While these reports are closely inspected and prices are affected, it is important to remember yield (and therefore production) is not solely determined by pace of planting.
Summer weather is the most important determining factor for spring crops, just as the current rains are more important to the winter wheat crop than when it was put in the ground last fall.
Planting is progressing well, but rains could hamper efforts. Canadian farmers will be getting crops planted soon, as well.
Similar to the broader oil markets (soybean oil trading in the U.S. and palm oil prices from Malaysia), the canola market traded lower last week. The fundamental picture has come to the forefront as the market realized recent strength was overdone, given adequate stocks and the return of more favorable weather in Asia Pacific, where palm is grown.
Argentine weather has been a major issue, as the harvest of soybeans has been disrupted by damaging rains. The extent of the crop loss as a result of flooding is still unknown, but some expect 5 to 9 million metric tons to be lost. This has provided support to soybean and soybean meal markets, as Argentina is a major exporter. But the loss of soybean meal from the global market has shifted expectation to the U.S., which will now have to crush and export more soybean meal, leading to some added soybean oil for domestic consumption. This has helped the soybean oil market drop.
Wheat markets have been mixed, with the Kansas City contract pushing back toward old lows, but the Minneapolis contract trending modestly higher.
The growing conditions in the hard red winter growing areas (Kansas, Oklahoma and parts of Texas) have been favorable and represent the bulk of the U.S. wheat growing areas. But, other portions of the U.S. had to deal with excess rains.
Spring wheat planting is progressing well. Stocks are comfortable globally, as the European soft wheat crop estimates continue to climb.
Peas and lentils
Pea prices finished the week trading mostly unchanged from the previous week. Export demand has stayed firm. The Canadian Grain Commission reported strong bulk movement in the first three weeks of April: 173,000 metric tons have been loaded for export compared to 135,000 metric tons in March and 141,000 metric tons in February. Total shipments for the first eight months of the marketing year have reached 1.89 million metric tons compared to 1.72 million at the same time in the previous year. To reach this large export total, farmers have already sold 73 percent of old crop peas compared to 60 percent at this same time in 2015. This shows the dominance of both strong global demand and lower average ocean freight costs.
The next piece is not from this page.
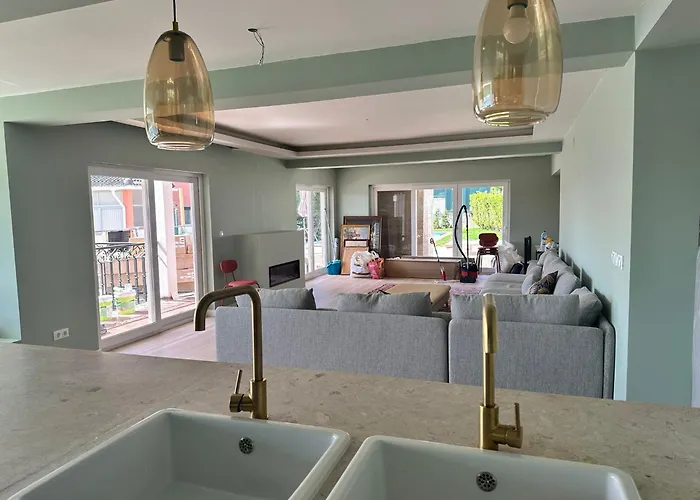 Retreat Villa, Full Amenities, Up To 40ppl Lizbona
Lentil markets internationally were flat to modestly higher last week. The Statistics Canada report on planting intentions for the 2016 growing season confirmed global expectations for a large increase. Total planted area in Canada for lentils is expected to rise 30 percent to 5.14 million acres from 3.95 million acres in 2015. This is the largest single-year increase for lentil planted area in Canadian history. Firming prices is the tight stock situation: inventories are expected to finish the marketing year at 100 thousand metric tons, which is just 3.8 percent of total usage. The CGC reported a remarkable 35,300 metric tons shipped in March compared to 16.6,000 metric tons in 2015 and well above February 2016’s 13,000 metric tons.
Durum prices have stayed flat in the past few weeks.
The recent strength and subsequent drop in the broader wheat market was not followed by durum, as the market has been mostly flat since January - even going back to September 2015, the durum market has traded in the $1 range.
For the past 10 weeks, Canadian durum and wheat exports have averaged 411,000 metric tons, but given government estimates, this is too high.
Exports are slowing to 263,000 metric tons, which is reflective of this needed slow-down in export pace.
Mustard seed exports have slowed, according to CGC data on Canadian shipments. The CGC reported March mustard seed shipments at 1,300 metric tons compared to 1,700 metric tons in February. This is also below the 2,500 metric tons shipped in March of 2015. Total shipments for the current marketing year are 12,700 metric tons compared to 14,200 metric tons for the same period last year.